Anni fa, tratto in giudizio per una micragna di confini da un Berluschino locale, durante un sopralluogo, poiché gli eventi volgevano a suo svantaggio, il mio avversario si è messo a gridare che si stava offendendo la giustizia italiana. Anche il Senatore Agnelli, abituato a pensare che ciò che è bene per la Fiat è bene per il Paese scambia le critiche a Berlusconi per critiche al Paese, e lascia la panchina a favore di Berlusconi criticando l'Economist e altri giornali stranieri perché tratterebbero gli elettori italiani come cittadini di una repubblica delle banane, giudizio che riprende le reazioni della stampa berlusconiana.

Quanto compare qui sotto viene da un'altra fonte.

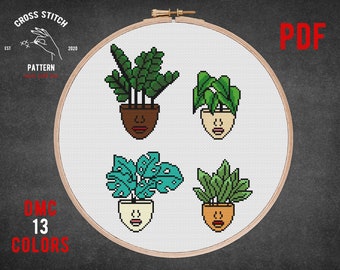 May include: Cross stitch pattern featuring four potted plants with faces. The plants are a monstera, a snake plant, a philodendron, and a succulent. The pattern is in PDF format and uses 13 DMC colors.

Da un certo punto di vista niente di nuovo, cane non mangia cane. E poi, come scrive Bocca, il motto della Fiat è "Noi siamo costituzionalmente governativi" e poiché il prossimo governo sarà quello del secondo Cavaliere della Storia d'Italia anche la Fiat si allinea. Ma se ci fermiamo a riflettere un poco più a lungo dei trenta secondi che ci vogliono normalmente per far scivolare l'attenzione di queste notizie alla successiva ci convinceremo dei risvolti bizzarri dell'affermazione. Infatti chi tratta gli italiani da sudditi della Repubblica delle banane non è l'Economist, ma la propaganda berlusconiana.

Su Il Giornale del 4 maggio Sgarbi gongola perché i giornali sono pallottole di carta e quello che vi si scrive non sposta un voto. Probabilmente ha ragione, perché in un elettorato in cui solo il 10% legge i giornali e in media si passano ore davanti al teleschermo sposta di più una battuta di Rita Dalla Chiesa o Iva Zanicchi che l'intervista di un Nobel. E' questa la realtà su cui giocano Berlusconi e la sua nuova intellettualità.

I maitres a penser sono sostituiti dai maitres à parler. E‚ un po' come avvenne con l'introduzione della polvere da sparo, finché non si eguagliarono le risorse, i primi a usarla su grande scala furono in grado di sterminare l'avversario come avvenne con le guardie svizzere alla battaglia della Bicocca. Ma è proprio questo tipo di repubblica che non solo l'Economist, ma almeno metà degli italiani teme.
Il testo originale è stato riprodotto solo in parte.